**EXERCISE DESCRIPTION**
Take every entry below and copy it out word for word.

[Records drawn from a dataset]
################

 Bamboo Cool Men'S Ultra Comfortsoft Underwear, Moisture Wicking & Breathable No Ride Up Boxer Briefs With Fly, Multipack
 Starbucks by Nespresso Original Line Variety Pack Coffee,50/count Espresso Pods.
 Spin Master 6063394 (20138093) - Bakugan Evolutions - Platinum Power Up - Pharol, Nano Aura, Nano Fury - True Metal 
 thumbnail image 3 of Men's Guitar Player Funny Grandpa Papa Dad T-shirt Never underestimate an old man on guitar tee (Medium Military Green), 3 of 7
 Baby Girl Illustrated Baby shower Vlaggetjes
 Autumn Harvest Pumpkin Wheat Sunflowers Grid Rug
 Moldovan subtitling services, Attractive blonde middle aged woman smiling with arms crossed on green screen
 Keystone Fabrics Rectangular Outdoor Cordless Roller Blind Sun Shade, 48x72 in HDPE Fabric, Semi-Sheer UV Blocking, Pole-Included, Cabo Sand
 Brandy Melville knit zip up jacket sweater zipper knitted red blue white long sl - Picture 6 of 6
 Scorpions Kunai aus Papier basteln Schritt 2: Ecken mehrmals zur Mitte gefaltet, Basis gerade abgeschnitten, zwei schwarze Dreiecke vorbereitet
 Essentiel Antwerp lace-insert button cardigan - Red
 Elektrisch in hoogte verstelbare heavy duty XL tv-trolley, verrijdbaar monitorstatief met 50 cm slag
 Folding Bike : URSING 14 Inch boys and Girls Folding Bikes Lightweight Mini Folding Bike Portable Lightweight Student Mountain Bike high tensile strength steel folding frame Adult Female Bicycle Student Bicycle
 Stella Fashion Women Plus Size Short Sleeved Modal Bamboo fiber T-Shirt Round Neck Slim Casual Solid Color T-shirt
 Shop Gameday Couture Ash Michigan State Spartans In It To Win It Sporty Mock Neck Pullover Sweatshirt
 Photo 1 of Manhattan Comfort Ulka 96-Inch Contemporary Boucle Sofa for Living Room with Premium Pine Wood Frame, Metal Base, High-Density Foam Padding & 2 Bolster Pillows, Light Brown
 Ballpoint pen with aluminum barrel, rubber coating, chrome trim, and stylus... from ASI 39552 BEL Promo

################

**TASK RESPONSE**
 Bamboo Cool Men'S Ultra Comfortsoft Underwear, Moisture Wicking & Breathable No Ride Up Boxer Briefs With Fly, Multipack
 Starbucks by Nespresso Original Line Variety Pack Coffee,50/count Espresso Pods.
 Spin Master 6063394 (20138093) - Bakugan Evolutions - Platinum Power Up - Pharol, Nano Aura, Nano Fury - True Metal 
 thumbnail image 3 of Men's Guitar Player Funny Grandpa Papa Dad T-shirt Never underestimate an old man on guitar tee (Medium Military Green), 3 of 7
 Baby Girl Illustrated Baby shower Vlaggetjes
 Autumn Harvest Pumpkin Wheat Sunflowers Grid Rug
 Moldovan subtitling services, Attractive blonde middle aged woman smiling with arms crossed on green screen
 Keystone Fabrics Rectangular Outdoor Cordless Roller Blind Sun Shade, 48x72 in HDPE Fabric, Semi-Sheer UV Blocking, Pole-Included, Cabo Sand
 Brandy Melville knit zip up jacket sweater zipper knitted red blue white long sl - Picture 6 of 6
 Scorpions Kunai aus Papier basteln Schritt 2: Ecken mehrmals zur Mitte gefaltet, Basis gerade abgeschnitten, zwei schwarze Dreiecke vorbereitet
 Essentiel Antwerp lace-insert button cardigan - Red
 Elektrisch in hoogte verstelbare heavy duty XL tv-trolley, verrijdbaar monitorstatief met 50 cm slag
 Folding Bike : URSING 14 Inch boys and Girls Folding Bikes Lightweight Mini Folding Bike Portable Lightweight Student Mountain Bike high tensile strength steel folding frame Adult Female Bicycle Student Bicycle
 Stella Fashion Women Plus Size Short Sleeved Modal Bamboo fiber T-Shirt Round Neck Slim Casual Solid Color T-shirt
 Shop Gameday Couture Ash Michigan State Spartans In It To Win It Sporty Mock Neck Pullover Sweatshirt
 Photo 1 of Manhattan Comfort Ulka 96-Inch Contemporary Boucle Sofa for Living Room with Premium Pine Wood Frame, Metal Base, High-Density Foam Padding & 2 Bolster Pillows, Light Brown
 Ballpoint pen with aluminum barrel, rubber coating, chrome trim, and stylus... from ASI 39552 BEL Promo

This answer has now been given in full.